* [TASK TO CARRY OUT]
Using the data below, print exactly the line with "Our Gulfstream customer", the line with "I'm out here tonight to", and every line between them, but none of the pictures.

* [SUPPLIED DATA]

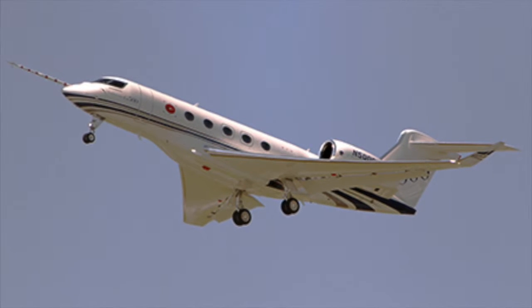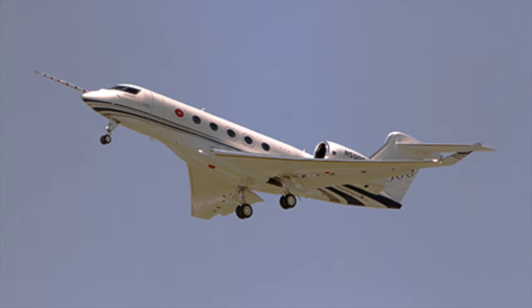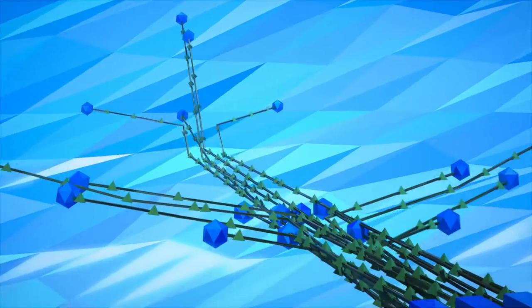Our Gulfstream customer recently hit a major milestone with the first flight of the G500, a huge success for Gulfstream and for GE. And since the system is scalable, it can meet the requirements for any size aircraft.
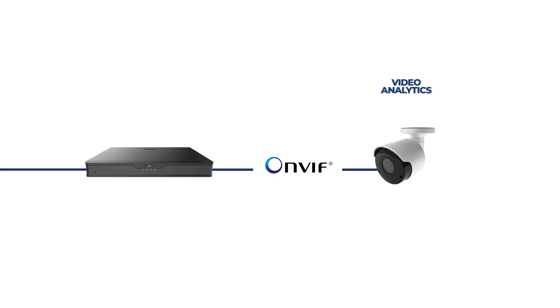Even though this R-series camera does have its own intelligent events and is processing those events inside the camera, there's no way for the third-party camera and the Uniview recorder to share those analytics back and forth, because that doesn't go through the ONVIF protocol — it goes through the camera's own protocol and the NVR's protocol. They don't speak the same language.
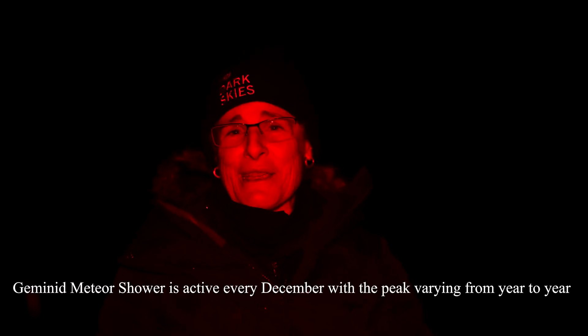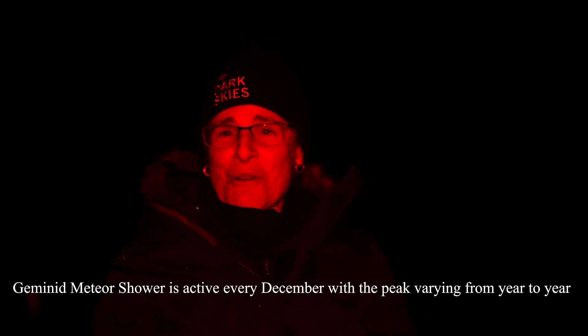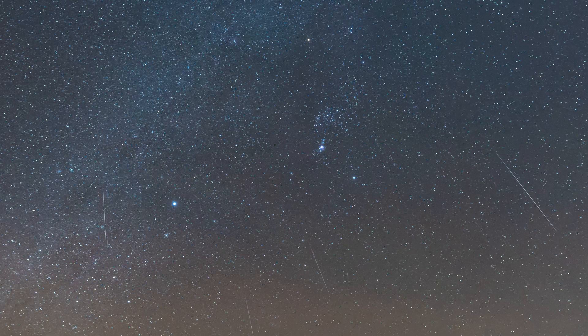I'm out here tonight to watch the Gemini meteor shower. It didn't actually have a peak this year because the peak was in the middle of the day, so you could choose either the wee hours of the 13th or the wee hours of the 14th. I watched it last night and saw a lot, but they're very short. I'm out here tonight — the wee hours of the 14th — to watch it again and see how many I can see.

...

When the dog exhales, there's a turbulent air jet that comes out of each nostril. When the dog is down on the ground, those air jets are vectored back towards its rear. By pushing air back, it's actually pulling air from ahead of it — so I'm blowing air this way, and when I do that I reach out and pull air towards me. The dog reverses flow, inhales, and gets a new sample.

* [YOUR RESPONSE]
Our Gulfstream customer recently hit a major milestone with the first flight of the G500, a huge success for Gulfstream and for GE. And since the system is scalable, it can meet the requirements for any size aircraft.
Even though this R-series camera does have its own intelligent events and is processing those events inside the camera, there's no way for the third-party camera and the Uniview recorder to share those analytics back and forth, because that doesn't go through the ONVIF protocol — it goes through the camera's own protocol and the NVR's protocol. They don't speak the same language.
I'm out here tonight to watch the Gemini meteor shower. It didn't actually have a peak this year because the peak was in the middle of the day, so you could choose either the wee hours of the 13th or the wee hours of the 14th. I watched it last night and saw a lot, but they're very short. I'm out here tonight — the wee hours of the 14th — to watch it again and see how many I can see.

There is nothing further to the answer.